The Pennsylvania Department of Transportation had the first of three open houses on a combined state freight and rail plan Monday night.
The event, held at SEPTA headquarters, was meant to get public comment for a plan that will provide a blueprint for state rail investments.
The Intercity Passenger and Freight Rail Plan is the first time PennDOT has tried to look at the interests of passenger and freight rail together, according to Eric Madden, PennDOT’s deputy secretary in charge of freight.
He said the idea for the plan arose out of discussions he had with his counterpart, who handles passenger train service, and their realization that, to expand passenger service in Pennsylvania, new lines will have to run on existing freight track. For example, Amtrak service west of Harrisburg runs on tracks owned by Norfolk Southern, and to increase passenger service to Pittsburgh that freight company will have to be heavily involved.
Madden also said that PennDOT wants to “get ahead of” the federal high-speed rail push. The Northeast Corridor and Keystone Corridor, which runs from Philadelphia to Pittsburgh, are the two federally designated high-speed corridors that run through the state.
Though the plan will not be ready to submit as part of the effort to get a slice of the $8 billion in funding the Obama administration has allocated for high-speed rail, PennDOT hopes that it will provide a framework for future state and federal funding, including the federal transit reauthorization bill.

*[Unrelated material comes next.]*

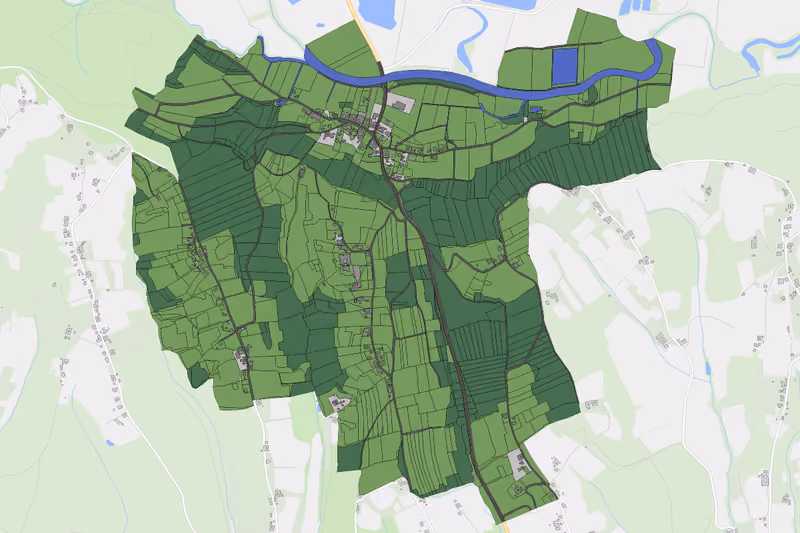 Kartenvorschau des Bodenverbrauchs der KG Maierhofen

“If money does come, we’ll be ahead of the game,” Madden said.
PennDOT has had more than 60 interviews with different stakeholders, including the trucking association and metropolitan planning agencies like the Delaware Valley Regional Planning Commission, said Chris Bishop-Edkins of AECOM, a consulting company hired by PennDOT to develop the plan.
She added that the state plan is going to “try to be complementary” with existing regional plans.

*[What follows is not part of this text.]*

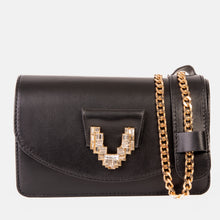 Load image into Gallery viewer, The Love Black Leather Handbag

Though the plan will be released in October and is still short on details — no one is opposed to bringing the state’s rail network into a state of good repair by 2035, but the devil is in the details — Greg Krykewycz, a senior transportation planner for the DVRPC, said that PennDOT, in its conversations with him before the open house, seemed to be “pulling from the partner agencies.”
PennDOT will be having two more open houses, one in Harrisburg on Sept. 15 and another in Carnegie on Sept. 17.